In an nMOSFET (n-channel Metal oxide Semiconductor Field Effect Transistors), high concentration diffusion region having an impurity concentration distribution curve representing steep inclines is attained by employing arsenic as impurity. However, when forming silicide, there are some problems. That is, it is reported that forming silicide on a silicon substrate highly doped with an impurity, in particular, arsenic, allows an irregular silicide layer to form. Refer to, for example, T. Ohguro, T. Morimoto, Y. Ushiku, and H. Iwai “Analysis of Anomalously Large Junction Leakage Current of Nickel Silicided N-Type Diffused Layer and Its Improvement” Extended Abstract of the 1993 International Conference on Solid State Devices and Materials, 1993, pp. 192-194.
For example, when employing arsenic as an impurity to be doped and forming a nickel silicide layer as a silicide layer to be formed, nickel is deposited on a silicon substrate containing arsenic, followed by siliciding the deposited nickel by the use of heat treatment. In this case, however, the silicide layer formed on the silicon substrate unfavorably becomes an irregular silicide layer composed of not only nickel silicide, but also a compound containing nickel, silicon, oxygen, and arsenic.
In a conventional CMOS process, there is simultaneously carried out an impurity doping into a semiconductor substrate for forming a highly doped diffusion layer and an impurity doping into the gate electrode. For this reason, arsenic is doped into the gate electrode by the same amount as that into the highly doped diffusion layer. Therefore, forming a nickel silicide layer on the gate electrode causes an irregular silicide layer to be unfavorably formed. This silicidation may not only cause the silicide layer on the gate electrode to be formed thicker than the silicide layer on the silicon substrate, but also cause the entire of the gate electrode to be silicided. Carrying out the doping into the gate electrode in synchronization with the doping into the semiconductor substrate for forming the highly doped diffusion layer provides a problem that the gate electrode is not subjected to ion-implantation at the most suitable concentration.

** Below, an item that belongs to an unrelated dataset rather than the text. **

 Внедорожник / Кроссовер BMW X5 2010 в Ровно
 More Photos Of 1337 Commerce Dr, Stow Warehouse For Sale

Excessively siliciding the gate electrode causes the sheet resistance of the silicide layer to be varied. Further, this excessive silicidation of the gate electrode may reach the entire of the gate electrode, thereby causing the silicided gate electrode to contact the gate insulating film to thereby change the work function of the gate electrode, which causes the threshold voltage to be unfavorably shifted or varied. This remarkably reduces the reliability of the semiconductor device.